Repeat all the lines below exactly, but omit the pictures.

Short web captions:
_ _ _ _

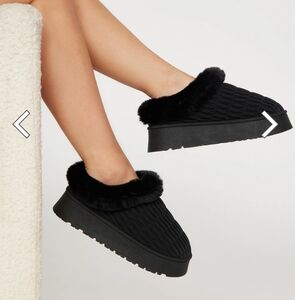 *BRAND NEW* BLACK BOOTIES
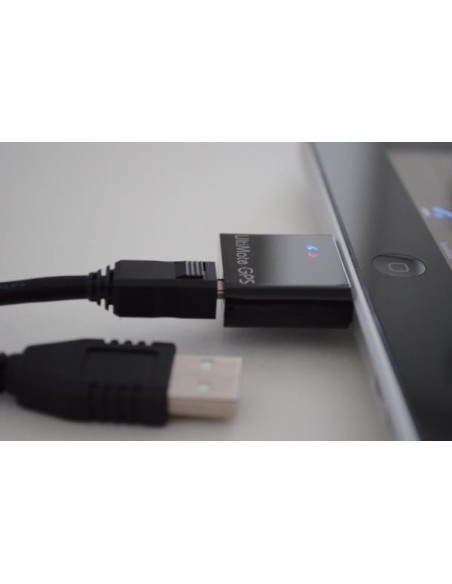 Emprum Ultimate GPS dungle - connecteur externe pour iPod touch, iPhone et iPad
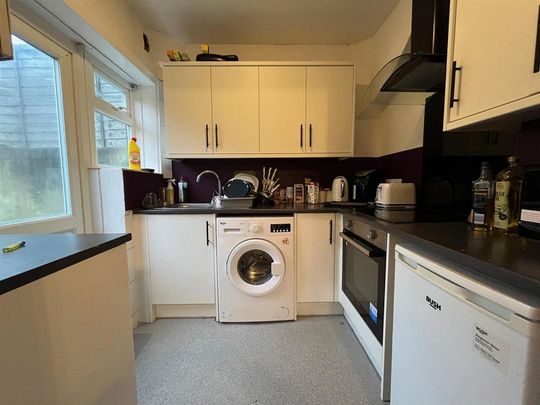 4 bedroom house to rent - Photo 1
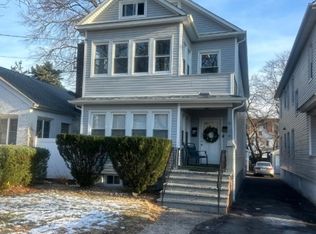 30 E Henry St FLOOR 2, Linden, NJ 07036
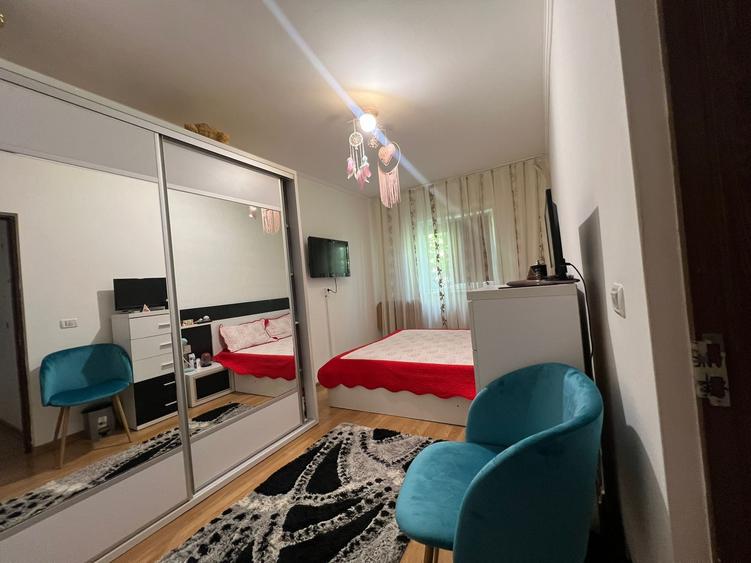 Apartament cu 2 camere decomandat în Tomis III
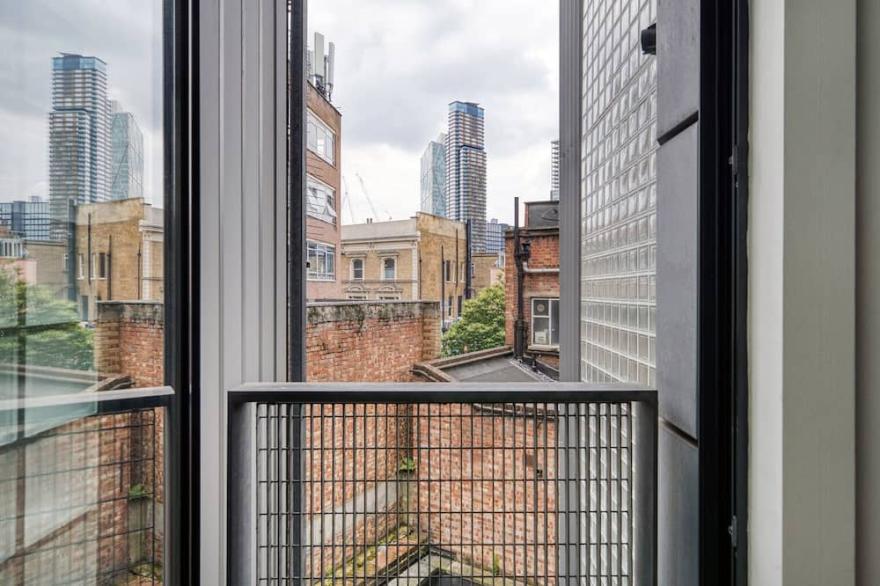 Quirky Central Shoreditch spacious Studio nr. Old Street, by Blueground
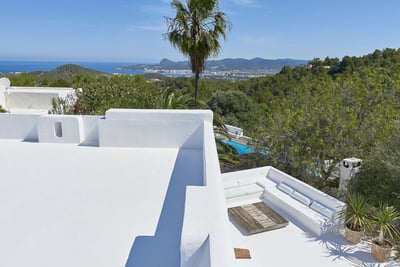 Luxury Villa Photo #24
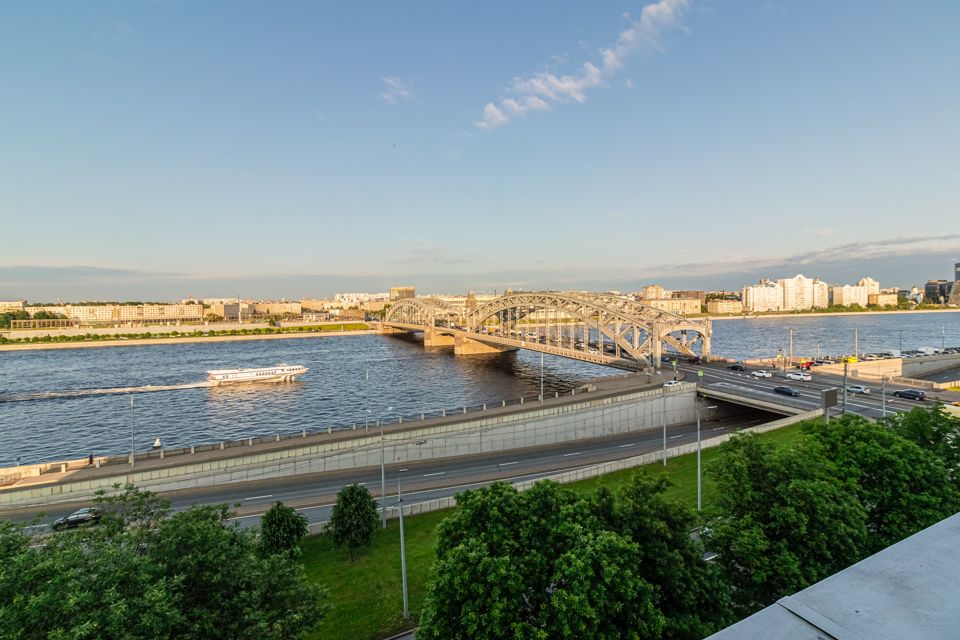 Продаётся 4-комнатная квартира, 204.3 м²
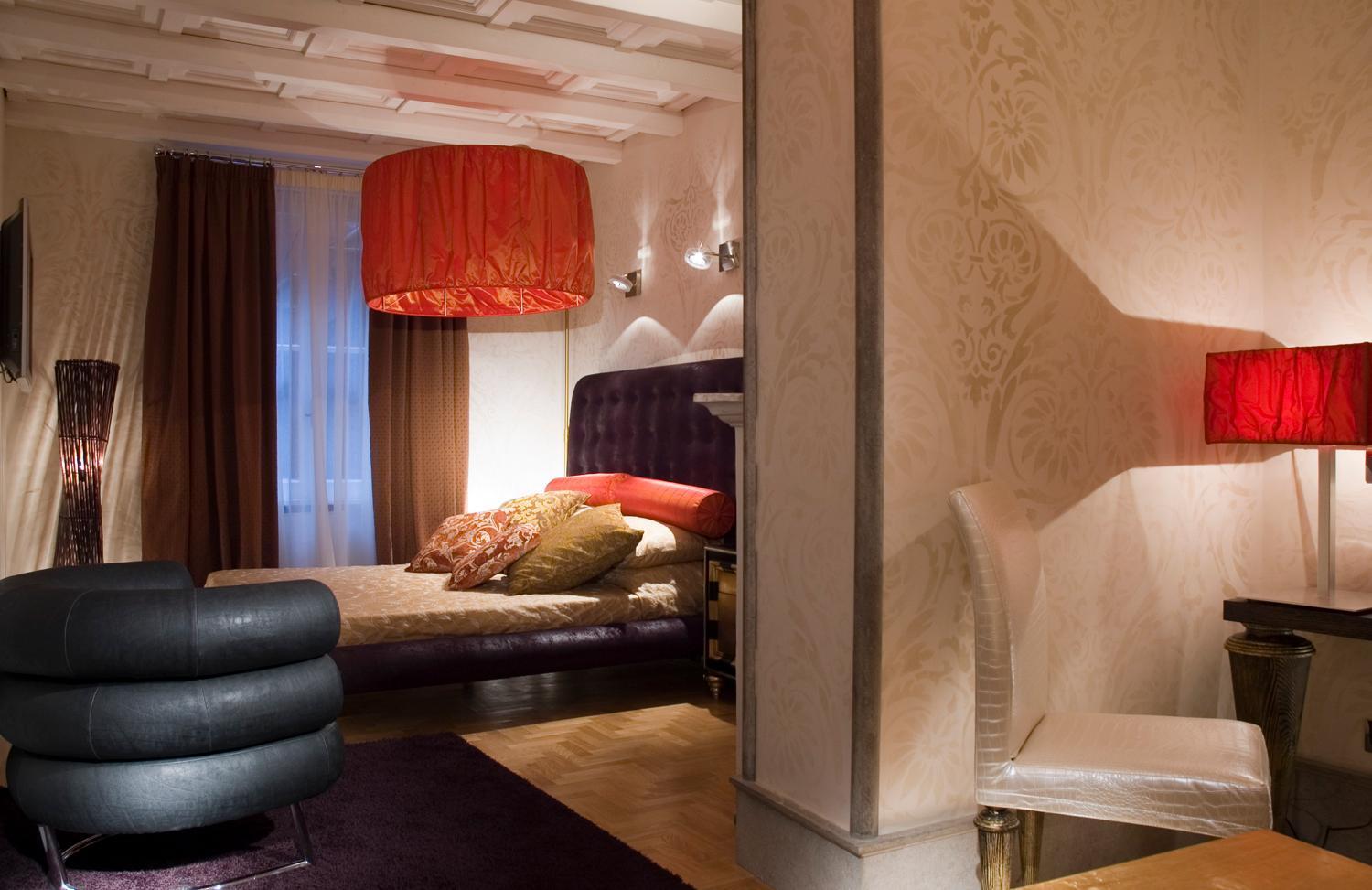 The At The Forum Elegant Collection - The Forum *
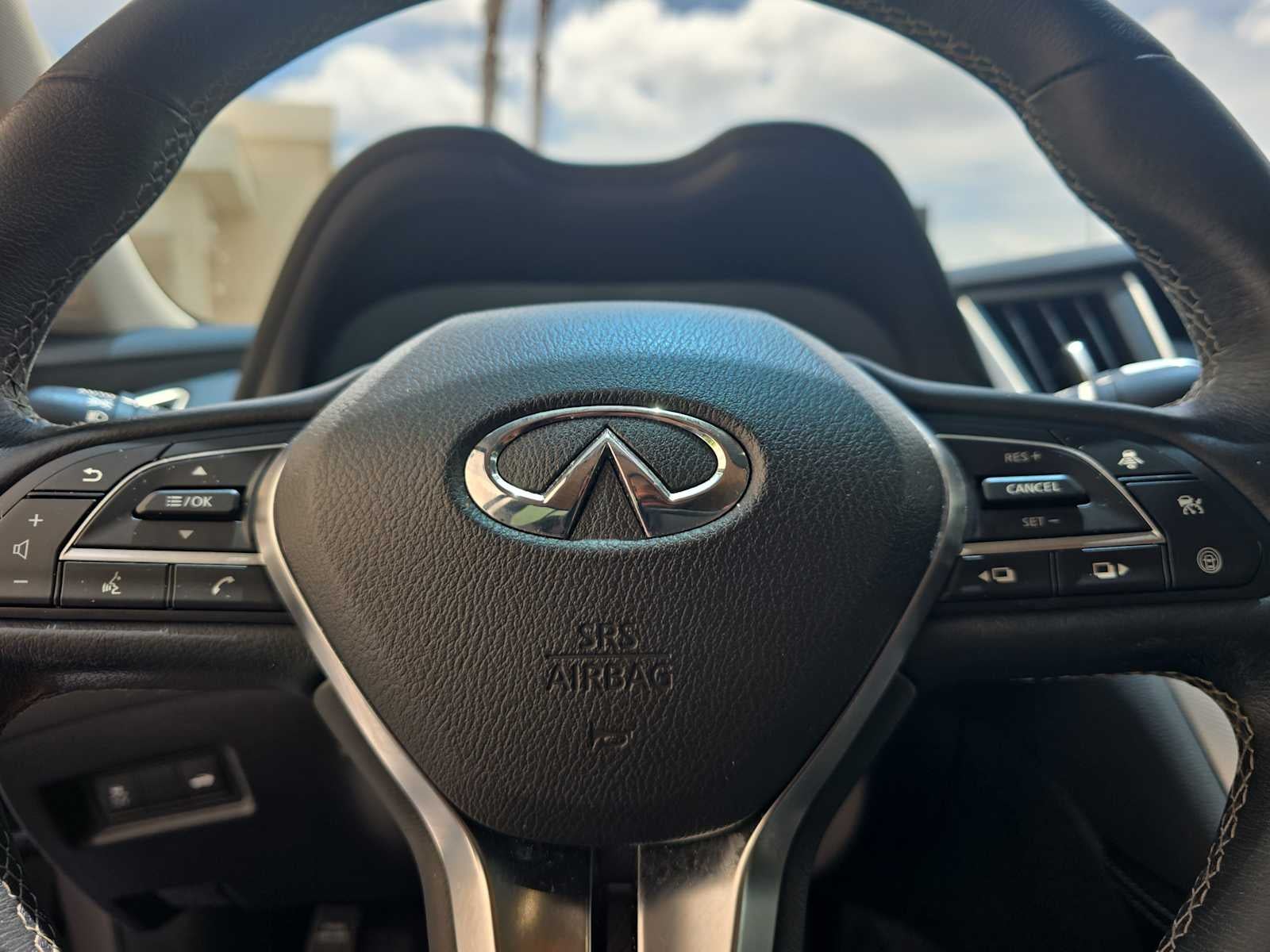 2023 INFINITI Q50 LUXE
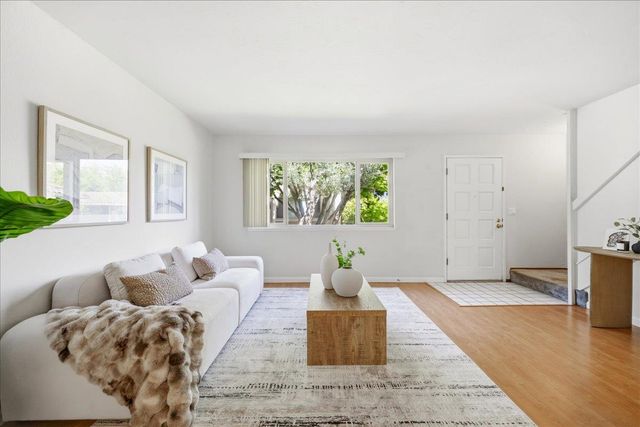 436 Sierra Vista Avenue 8, Mountain View, CA 94043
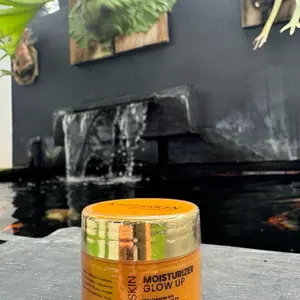 MOIS CREAM GLOW UP (aman bumil busui) Moisturizer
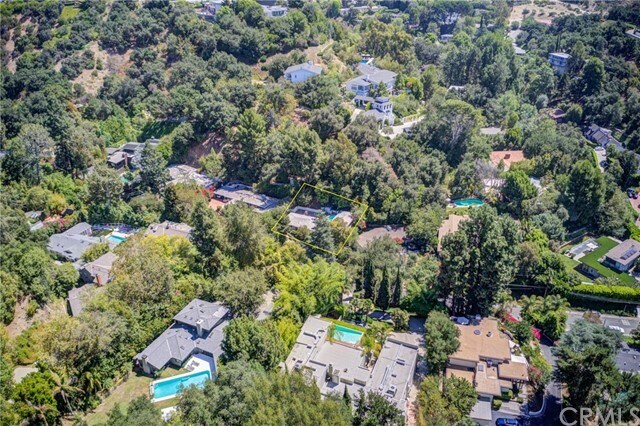 Building Photo - 2740 Hutton Dr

_ _ _ _

**EXERCISE OUTPUT:**
 *BRAND NEW* BLACK BOOTIES
 Emprum Ultimate GPS dungle - connecteur externe pour iPod touch, iPhone et iPad
 4 bedroom house to rent - Photo 1
 30 E Henry St FLOOR 2, Linden, NJ 07036
 Apartament cu 2 camere decomandat în Tomis III
 Quirky Central Shoreditch spacious Studio nr. Old Street, by Blueground
 Luxury Villa Photo #24
 Продаётся 4-комнатная квартира, 204.3 м²
 The At The Forum Elegant Collection - The Forum *
 2023 INFINITI Q50 LUXE
 436 Sierra Vista Avenue 8, Mountain View, CA 94043
 MOIS CREAM GLOW UP (aman bumil busui) Moisturizer
 Building Photo - 2740 Hutton Dr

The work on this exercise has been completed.